Richard Reynolds Rowe | |
Birth Date: | 5 June 1824 |
Death Date: | 21 December 1899 |
Significant Buildings: | Cambridge Corn Exchange |
Richard Reynolds Rowe (5 June 1824 – 21 December 1899) was an English architect and civil engineer, mainly active in Cambridge and Cambridgeshire. His best-known work is the Cambridge Corn Exchange.
Richard Reynolds Rowe was born in 1824, the son of Richard Rowe, a Cambridge alderman. He attended school at Eaton-Socon, and then either school or university in Cambridge. In his early career he worked mainly as a civil engineer. His first position was on the Isle of Man, as clerk of works for St Thomas's Church, Douglas (1847). He next worked on water supply and drainage projects in Essex.[1]
In 1850 he set up practice in Cambridge as an architect, from 1893 in partnership with C. R. Scott,[2] and designed and built several buildings around Cambridge and elsewhere in Cambridgeshire. He was the borough surveyor in 1850–69,[3] and also served as the architect attached to the Cambridgeshire and Isle of Ely Asylum at Fulbourn and the clerk of works for Ely Cathedral. He was an elected fellow of the Royal Institute of British Architects, the Society of Antiquaries and the Surveyors' Institution, a member of the Institute of Civil Engineers (1859), and served as president of the Institute of Sanitary Engineers. His other honours include being a Knight of Justice of the Order of St John of Jerusalem.
Rowe was married. With William John Beamont, he was associated with the foundation of the Church Congress in 1861. In later life, he lived at Parkside in Cambridge. He died on 21 December 1899. His funeral was held at St Andrew the Great and he was buried at Mill Road Cemetery.[4] [5]
His most-notable work in Cambridge is the Cambridge Corn Exchange (1873–75).[6] [7] His other buildings in the town include St Matthew's Church (1864–66),[8] number 6, Trumpington Road (1866),[9] Wilton Terrace, Station Road,[10] almshouses on King Street (1880),[11] and (with C. R. Scott) the Red Cow pub on Corn Exchange Street (1898).[12] [13]

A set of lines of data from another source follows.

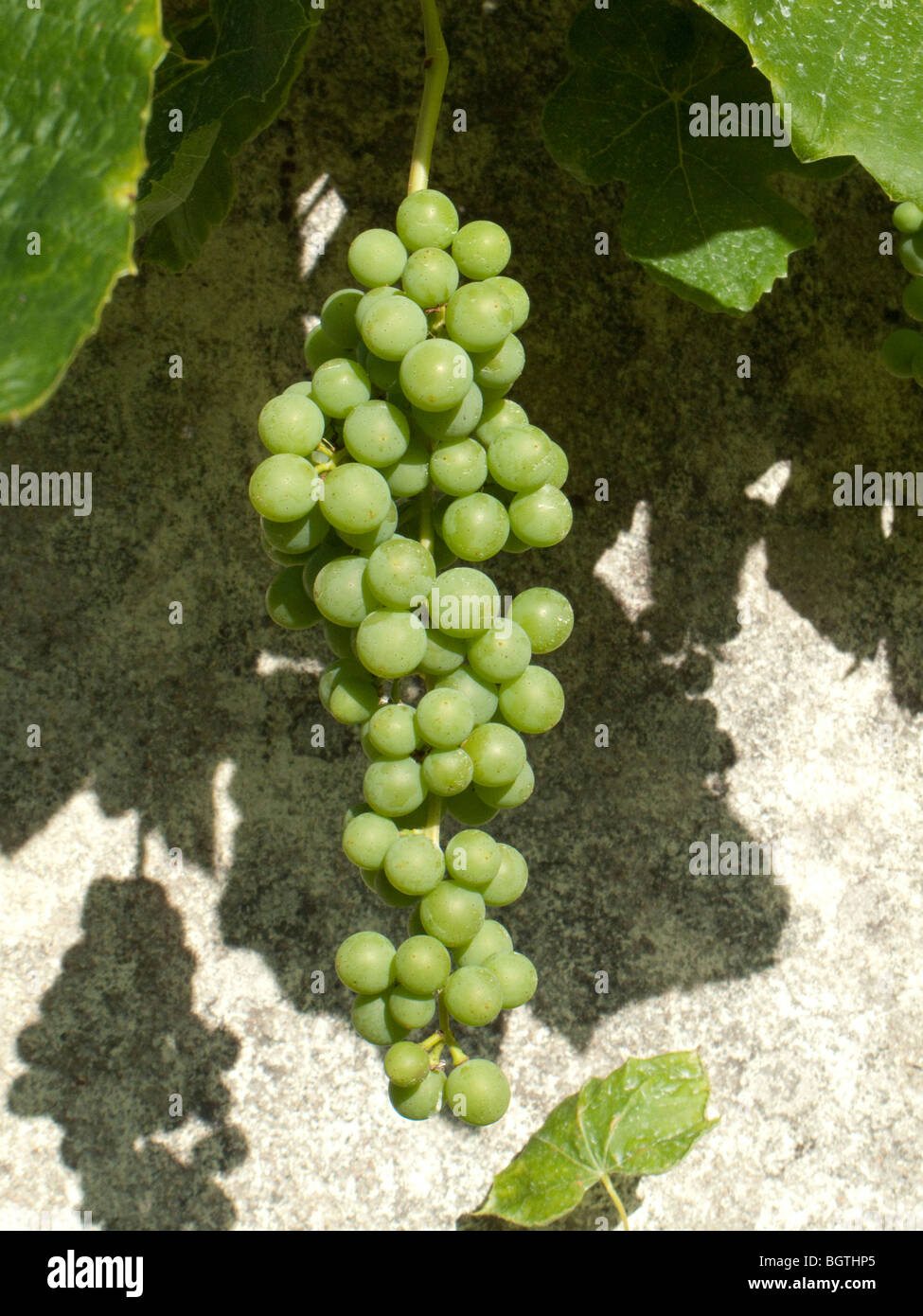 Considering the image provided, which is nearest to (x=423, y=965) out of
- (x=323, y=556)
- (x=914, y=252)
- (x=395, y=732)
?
(x=395, y=732)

Outside Cambridge, he built Anglican churches at Burwell (1863),[14] Prickwillow (1865–66)[15] and Wendy (1866; demolished in around 1950),[16] and was involved in restoring many Anglican churches in Cambridgeshire, including those at Stuntney (1875–76)[17] and Haddenham (1871–77).[18] He also built vicarages or rectories at Graveley (1853–54),[19] Fulbourn (1859)[20] and Chatteris (1878–80).[21]
His non-ecclesiastical work in Cambridgeshire includes the police station (1855) at Linton[22] and Arkenstall's Endowed School at Haddenham (1863).[23]